The same analyses were performed for four other data modalities: activity (metabolic equivalent task/metabolic equivalents; MET), heart rate (HR; beats/minute, bpm), heart rate variability (HRV; root mean square of successive differences (rmssd)), and respiratory rate (RR; respirations/minute (rpm)) (Table 1). Median activity was not significantly different between successive trimesters (Fig. 1b, third row) though a slight downward trend was present as pregnancy progressed (Fig. 1a, third row, n.s.). HR was significantly different between the first and second trimesters and between the third and fourth trimesters (Fig. 1b, fourth row). In general, HR increased from a pre-pregnancy state to a local peak about 14 days following conception then briefly dropped, subsequently, trended upward until a few weeks before delivery (Fig. 1a, fourth row). HRV was also significantly different between the first and second trimesters and the third and fourth trimesters (Fig. 1b, fifth row) and mirrored the HR trend decreasing following conception and then decreasing until a few weeks before the day of delivery (Fig. 1a, fifth row). RR was not significantly different between any of the trimesters and displayed a slight decrease across pregnancies (Fig. 1a, b, sixth row, n.s.).

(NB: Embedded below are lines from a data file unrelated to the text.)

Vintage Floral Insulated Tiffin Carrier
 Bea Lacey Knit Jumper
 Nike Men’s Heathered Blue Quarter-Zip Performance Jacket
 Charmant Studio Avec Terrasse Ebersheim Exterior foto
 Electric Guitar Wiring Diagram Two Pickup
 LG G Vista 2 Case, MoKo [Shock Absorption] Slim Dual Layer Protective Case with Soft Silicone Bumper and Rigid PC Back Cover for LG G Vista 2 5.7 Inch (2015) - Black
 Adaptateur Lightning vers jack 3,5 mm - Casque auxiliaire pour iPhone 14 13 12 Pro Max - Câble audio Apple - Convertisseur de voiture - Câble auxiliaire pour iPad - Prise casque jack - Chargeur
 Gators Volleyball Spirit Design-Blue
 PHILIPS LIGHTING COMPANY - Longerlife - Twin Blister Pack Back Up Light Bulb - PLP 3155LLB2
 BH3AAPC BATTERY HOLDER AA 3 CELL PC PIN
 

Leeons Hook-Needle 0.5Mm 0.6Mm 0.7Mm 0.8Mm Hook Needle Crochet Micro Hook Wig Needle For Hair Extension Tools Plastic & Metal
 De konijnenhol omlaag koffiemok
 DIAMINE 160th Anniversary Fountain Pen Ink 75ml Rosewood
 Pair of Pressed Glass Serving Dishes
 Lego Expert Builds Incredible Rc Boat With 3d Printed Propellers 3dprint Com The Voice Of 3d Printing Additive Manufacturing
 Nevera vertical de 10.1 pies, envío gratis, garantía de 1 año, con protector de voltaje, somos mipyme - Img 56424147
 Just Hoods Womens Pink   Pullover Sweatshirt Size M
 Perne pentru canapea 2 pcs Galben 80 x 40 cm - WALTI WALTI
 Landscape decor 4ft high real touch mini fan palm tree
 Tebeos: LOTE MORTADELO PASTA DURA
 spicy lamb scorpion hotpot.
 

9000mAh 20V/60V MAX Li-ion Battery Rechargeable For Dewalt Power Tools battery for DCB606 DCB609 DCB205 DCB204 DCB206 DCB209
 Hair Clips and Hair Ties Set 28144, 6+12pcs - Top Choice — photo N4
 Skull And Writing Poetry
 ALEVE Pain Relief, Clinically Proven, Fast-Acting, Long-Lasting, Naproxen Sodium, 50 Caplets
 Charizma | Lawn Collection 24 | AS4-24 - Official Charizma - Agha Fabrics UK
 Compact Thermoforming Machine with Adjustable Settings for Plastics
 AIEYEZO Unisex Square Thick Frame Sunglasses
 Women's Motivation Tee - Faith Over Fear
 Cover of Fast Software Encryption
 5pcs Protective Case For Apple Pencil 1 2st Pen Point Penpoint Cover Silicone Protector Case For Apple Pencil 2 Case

Z-score transformation of the data against pre-pregnancy baseline values allows for the investigation of intra-individual deviation from a pre-pregnancy state. Population median and 95% confidence interval across the whole population reveal substantial relative change between modalities across pregnancy (Fig. 2a, b), consistent with the idea that different modalities contain complementary information. Aligning the data by ‘date pregnancy stop’ (DPS) shows patterns of each modality just before and following the day of delivery (Fig. 2c) revealed that all modalities also showed substantial changes following delivery, with several showing trends of change in anticipation of the end of pregnancy (Fig. 2c), with (for example) HR and HRV inverting relative to each other, returning to pre-pregnancy levels for the first time since conception.

Fig. 2: Normalized trajectories reveal signatures around conception, delivery, and early fetal loss.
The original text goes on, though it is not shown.